В палате наступило некоторое оживление.

– Так, так, господин из взорванного дома? – сканировал окружающее пространство Шинкевич. – Сотрясение и сломанные ребра…

– Где Артемий? – прохрипел Иван Антонович.

– Дома ваш Артемий. Легко отделался, – поспешила успокоить медсестра.

Тем временем доктор уже направлялся к следующему пациенту, которого бортовая навигационная система Шинкевича классифицировала как потенциального погромщика.

– Любо, господин казак! Любо! – дипломатично обратился к больному Шинкевич.

Адресат сморщился и повернулся на другой бок.

18

Маршрутное такси неслось по городу, жонглируя полуотвалившимися деталями, как циркач блестящими головешками.

– На остановке остановите! – выкрикнула с заднего сиденья рыжеволосая девица.

– Ага. А на перекрестке перекрестите! – отозвался водитель.

– Что-что?

– Тавтология-с! – раздался услужливый голос гражданина в шляпе.

– Ну ты, филолог, на тормоз жми! – разозлилась девица.

– Здесь останавливаться не буду! Меня и так вчера оштрафовали. – артачился водитель. – Вон знак проедем, тогда и выйдешь.
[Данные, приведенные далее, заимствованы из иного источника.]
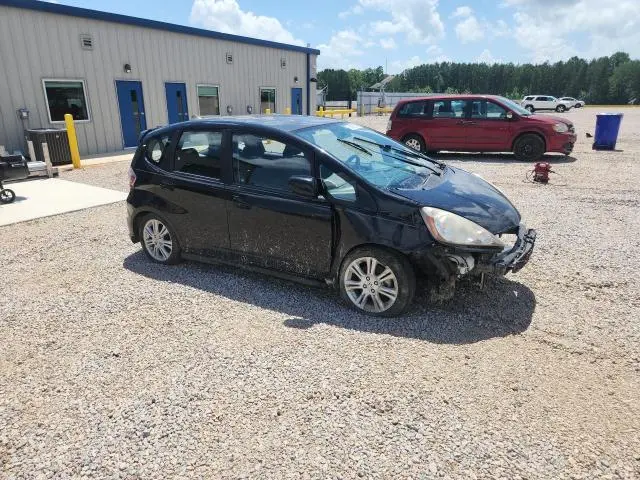 2011 HONDA FIT SPORT  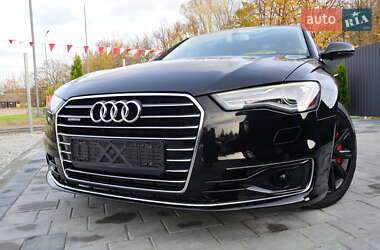 Седан Audi A6 2015 в Дрогобыче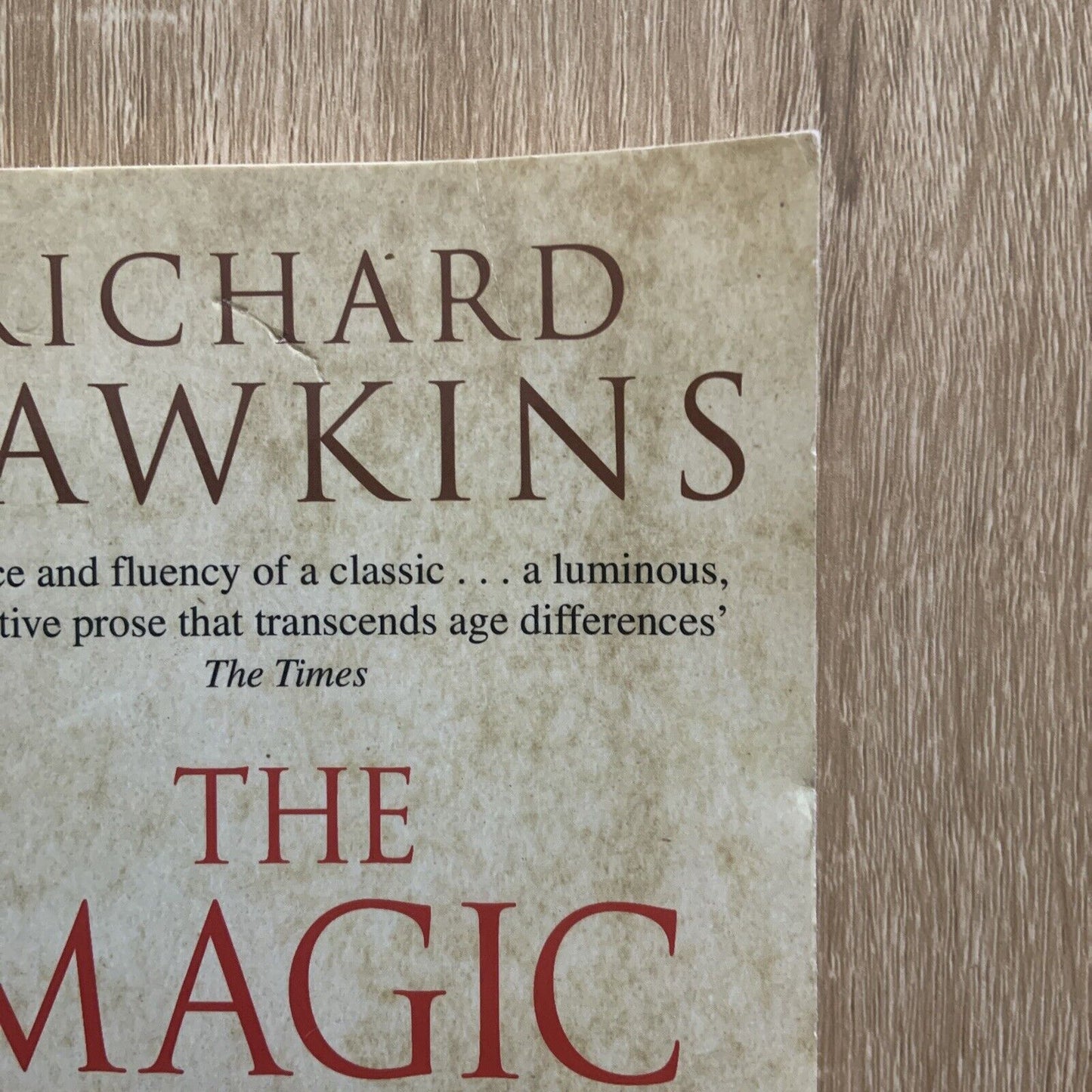 THE MAGIC OF REALITY How We Know What's Really True by Richard Dawkins 2011 PB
Прогромыхав еще метров сто, машина затормозила. Рыжеволосая девица выбралась наружу. За нею следом выскочил Артемий.

– Постойте! – крикнул он ей.

– Что еще? – девица обернулась и посмотрела на Артемия. Ее глаза сверкали.

– Проводите меня до больницы?

– С какой это стати? – возмутилась она.

– А с такой стати, что Вы все равно туда идете, – уверенно сказал Артемий.

– Думаете начну спрашивать, «откуда Вам это известно»? – холодным голосом бросила девица.

– Спрашивать не начнете, а вот подумать – подумаете! – настойчиво продолжал Артемий.

– Только не надо меня интриговать пересказыванием замшелых детективов! – с досадой бросила девица. – Все эти дедуктивные методы!… «Грязь на ботинках»!… «Складки на плаще»!… «А на каком глазу ресница»?! Или представитесь астрологом? По звездам вычисляете траектории движения пешеходов в уездном городе Бийске! Поморочьте ка мне голову своими асцедентами! Глядишь, дура рот разинет! Домой поведет! Переспать с собой предложит!